Unknown Parameter	\(\sigma^2\), population variance
Point Estimate	\(s_i^2\), the sample variance
Confidence Level (of the point estimate)	0%
Confidence Level (for a new interval estimate)	\((1-\alpha)100\%\) \(\alpha/2\) \(1-\alpha/2\)
Critical Value(s)	\(\chi^2_{\alpha/2}\) and \(\chi^2_{1-\alpha/2}\) for \(df=n-1\)
Margin of Error	n/a
Lower Bound	\(LB=\dfrac{s^2_i(n-1)}{\chi^2_{\alpha/2}}\)
Upper Bound	\(RB=\dfrac{s^2_i(n-1)}{\chi^2_{1-\alpha/2}}\)
Interpretation	We are \((1-\alpha)100\%\) confident that the unknown population variance \(\sigma^2\) is between LB and UB.

	Example	Template
Unknown Parameter	\(\sigma^2\), population variance of capsule weights	\(\sigma^2\), population variance
Point Estimate	\(s_i^2=1.32\), the sample variance of a sample of size \(n=10\)	\(s_i^2\), the sample variance
Confidence Level (of the point estimate)	0%	0%
Confidence Level (for a new interval estimate)	\(CL=90\%\) \(\alpha/2=0.05\) \(1-\alpha/2=0.95\)	\((1-\alpha)100\%\) \(\alpha/2\) \(1-\alpha/2\)
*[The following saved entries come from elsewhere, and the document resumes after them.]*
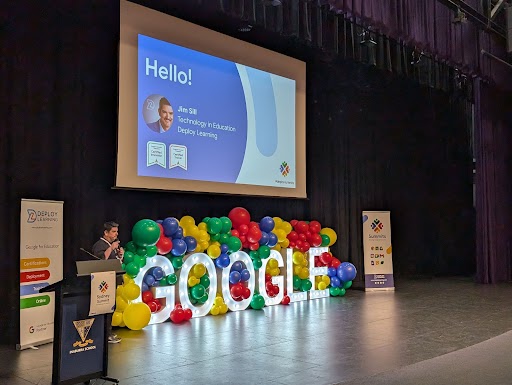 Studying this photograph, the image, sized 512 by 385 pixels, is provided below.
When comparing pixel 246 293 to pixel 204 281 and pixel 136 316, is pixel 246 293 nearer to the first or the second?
pixel 204 281

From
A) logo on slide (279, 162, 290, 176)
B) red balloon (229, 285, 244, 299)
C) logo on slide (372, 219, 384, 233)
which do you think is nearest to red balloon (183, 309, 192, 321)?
red balloon (229, 285, 244, 299)

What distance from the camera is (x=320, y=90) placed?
30.2ft

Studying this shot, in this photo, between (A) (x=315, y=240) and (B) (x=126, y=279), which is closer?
(B) (x=126, y=279)

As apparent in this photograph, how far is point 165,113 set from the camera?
6559 mm

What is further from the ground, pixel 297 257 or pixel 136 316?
pixel 297 257

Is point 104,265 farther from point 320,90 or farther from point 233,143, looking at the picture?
point 320,90

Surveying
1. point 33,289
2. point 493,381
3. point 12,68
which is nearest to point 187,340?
point 33,289

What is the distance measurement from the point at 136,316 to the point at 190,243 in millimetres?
1191

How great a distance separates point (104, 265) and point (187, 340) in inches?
69.9

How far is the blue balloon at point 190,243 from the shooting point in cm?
647

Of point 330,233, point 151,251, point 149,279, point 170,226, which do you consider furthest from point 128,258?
point 330,233

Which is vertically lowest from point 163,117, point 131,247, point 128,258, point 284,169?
point 128,258

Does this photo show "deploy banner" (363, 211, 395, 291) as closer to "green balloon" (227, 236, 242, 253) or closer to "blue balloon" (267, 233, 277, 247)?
"blue balloon" (267, 233, 277, 247)

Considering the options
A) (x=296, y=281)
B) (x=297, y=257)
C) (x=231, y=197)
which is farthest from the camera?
(x=296, y=281) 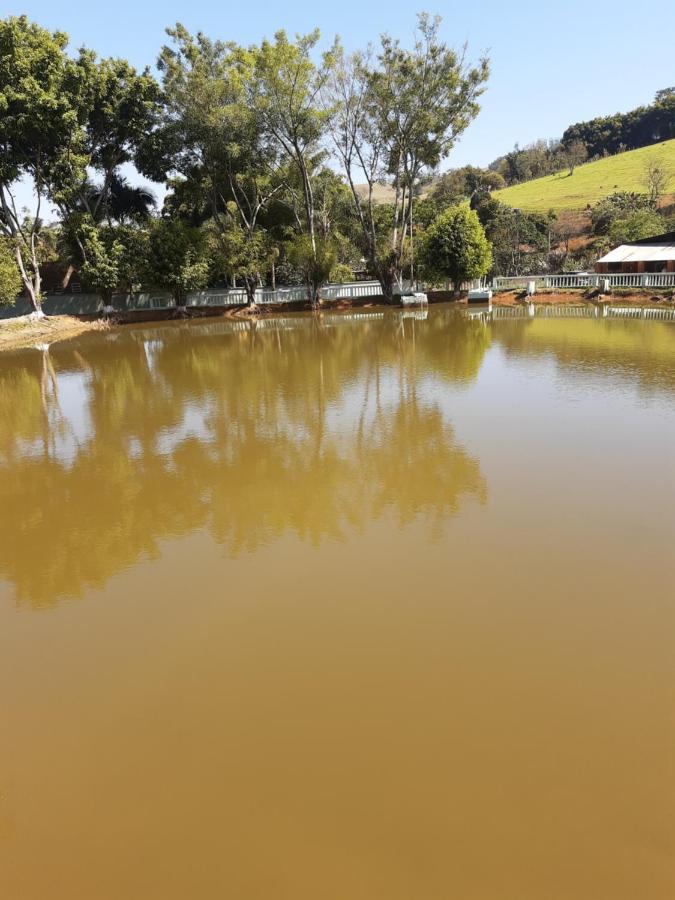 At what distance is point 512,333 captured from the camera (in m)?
22.1

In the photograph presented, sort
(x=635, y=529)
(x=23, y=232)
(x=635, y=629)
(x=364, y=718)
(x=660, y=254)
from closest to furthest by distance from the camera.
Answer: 1. (x=364, y=718)
2. (x=635, y=629)
3. (x=635, y=529)
4. (x=23, y=232)
5. (x=660, y=254)

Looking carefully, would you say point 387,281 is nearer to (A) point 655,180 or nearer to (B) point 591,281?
(B) point 591,281

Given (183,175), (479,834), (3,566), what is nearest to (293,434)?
(3,566)

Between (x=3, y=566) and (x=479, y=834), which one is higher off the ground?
(x=3, y=566)

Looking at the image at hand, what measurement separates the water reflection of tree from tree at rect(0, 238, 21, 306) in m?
9.79

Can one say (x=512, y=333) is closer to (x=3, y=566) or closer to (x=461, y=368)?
(x=461, y=368)

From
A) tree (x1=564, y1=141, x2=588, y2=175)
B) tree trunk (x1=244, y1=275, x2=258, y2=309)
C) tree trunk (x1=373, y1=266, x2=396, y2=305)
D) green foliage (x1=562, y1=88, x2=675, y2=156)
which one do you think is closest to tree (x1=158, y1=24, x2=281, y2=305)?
tree trunk (x1=244, y1=275, x2=258, y2=309)

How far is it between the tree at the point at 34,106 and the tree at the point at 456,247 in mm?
18303

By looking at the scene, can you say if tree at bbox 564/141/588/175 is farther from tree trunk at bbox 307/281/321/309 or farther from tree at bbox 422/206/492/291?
tree trunk at bbox 307/281/321/309

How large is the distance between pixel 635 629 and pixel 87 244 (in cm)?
3069

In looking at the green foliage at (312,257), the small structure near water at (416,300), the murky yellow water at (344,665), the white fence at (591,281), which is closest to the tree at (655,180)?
the white fence at (591,281)

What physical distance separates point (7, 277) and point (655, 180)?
173ft

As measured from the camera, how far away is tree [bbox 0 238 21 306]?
81.4 feet

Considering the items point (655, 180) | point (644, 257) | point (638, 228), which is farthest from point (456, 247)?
point (655, 180) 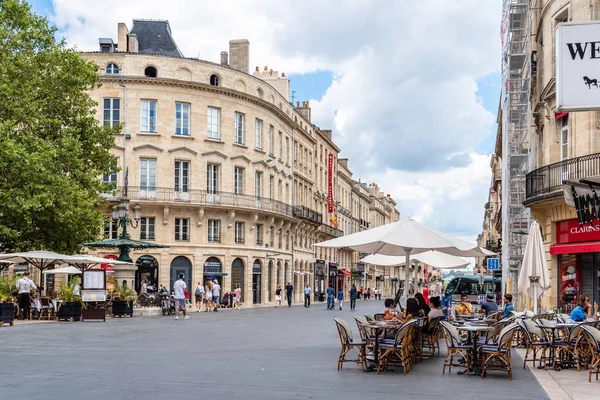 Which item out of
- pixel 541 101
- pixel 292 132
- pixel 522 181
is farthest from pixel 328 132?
pixel 541 101

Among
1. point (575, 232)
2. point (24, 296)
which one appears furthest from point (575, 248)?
point (24, 296)

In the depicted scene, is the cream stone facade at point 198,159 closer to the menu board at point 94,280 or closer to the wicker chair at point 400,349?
the menu board at point 94,280

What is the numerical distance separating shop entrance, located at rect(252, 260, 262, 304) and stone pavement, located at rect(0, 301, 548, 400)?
1253 inches

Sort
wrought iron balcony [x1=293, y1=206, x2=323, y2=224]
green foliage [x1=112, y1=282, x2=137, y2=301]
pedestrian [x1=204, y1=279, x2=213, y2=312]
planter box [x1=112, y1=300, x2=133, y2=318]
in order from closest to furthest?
planter box [x1=112, y1=300, x2=133, y2=318]
green foliage [x1=112, y1=282, x2=137, y2=301]
pedestrian [x1=204, y1=279, x2=213, y2=312]
wrought iron balcony [x1=293, y1=206, x2=323, y2=224]

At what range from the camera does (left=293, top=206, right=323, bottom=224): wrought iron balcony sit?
5839cm

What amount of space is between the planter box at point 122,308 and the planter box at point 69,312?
7.29 ft

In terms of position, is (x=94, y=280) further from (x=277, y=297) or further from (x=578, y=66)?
(x=578, y=66)

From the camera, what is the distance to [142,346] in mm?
16500

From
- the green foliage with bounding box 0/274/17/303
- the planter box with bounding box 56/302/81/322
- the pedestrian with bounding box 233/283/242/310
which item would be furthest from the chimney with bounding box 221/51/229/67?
the planter box with bounding box 56/302/81/322

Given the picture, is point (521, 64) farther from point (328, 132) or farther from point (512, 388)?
point (328, 132)

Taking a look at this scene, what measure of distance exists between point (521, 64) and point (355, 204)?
5896 cm

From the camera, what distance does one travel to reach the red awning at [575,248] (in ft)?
67.3

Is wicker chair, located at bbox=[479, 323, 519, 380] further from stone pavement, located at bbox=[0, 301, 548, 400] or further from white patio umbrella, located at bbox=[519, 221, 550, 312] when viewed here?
white patio umbrella, located at bbox=[519, 221, 550, 312]

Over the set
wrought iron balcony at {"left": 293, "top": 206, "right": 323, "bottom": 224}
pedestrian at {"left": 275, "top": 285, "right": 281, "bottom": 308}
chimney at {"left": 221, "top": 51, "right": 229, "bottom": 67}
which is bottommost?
pedestrian at {"left": 275, "top": 285, "right": 281, "bottom": 308} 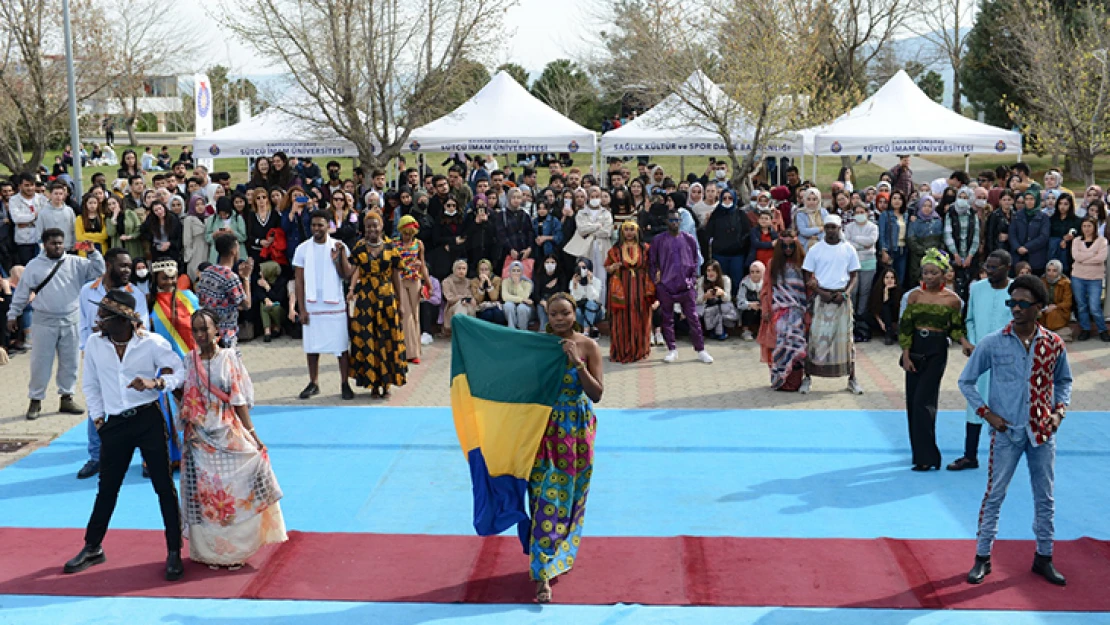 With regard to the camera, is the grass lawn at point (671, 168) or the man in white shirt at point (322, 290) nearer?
the man in white shirt at point (322, 290)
Critical Value(s)	When \(df=9\): \(\chi^2_{0.95}=3.325\) and \(\chi^2_{0.05}=16.919\)	\(\chi^2_{\alpha/2}\) and \(\chi^2_{1-\alpha/2}\) for \(df=n-1\)
Margin of Error	n/a	n/a
Lower Bound	\(LB=\dfrac{1.32\cdot9}{16.919}=0.70\)	\(LB=\dfrac{s^2_i(n-1)}{\chi^2_{\alpha/2}}\)
Upper Bound	\(RB=\dfrac{1.32\cdot9}{3.325}=3.57\)	\(RB=\dfrac{s^2_i(n-1)}{\chi^2_{1-\alpha/2}}\)
Interpretation	We are 90% confident that the variance of capsule weights is between 0.70 and 3.57.	We are \((1-\alpha)100\%\) confident that the unknown population variance \(\sigma^2\) is between LB and UB.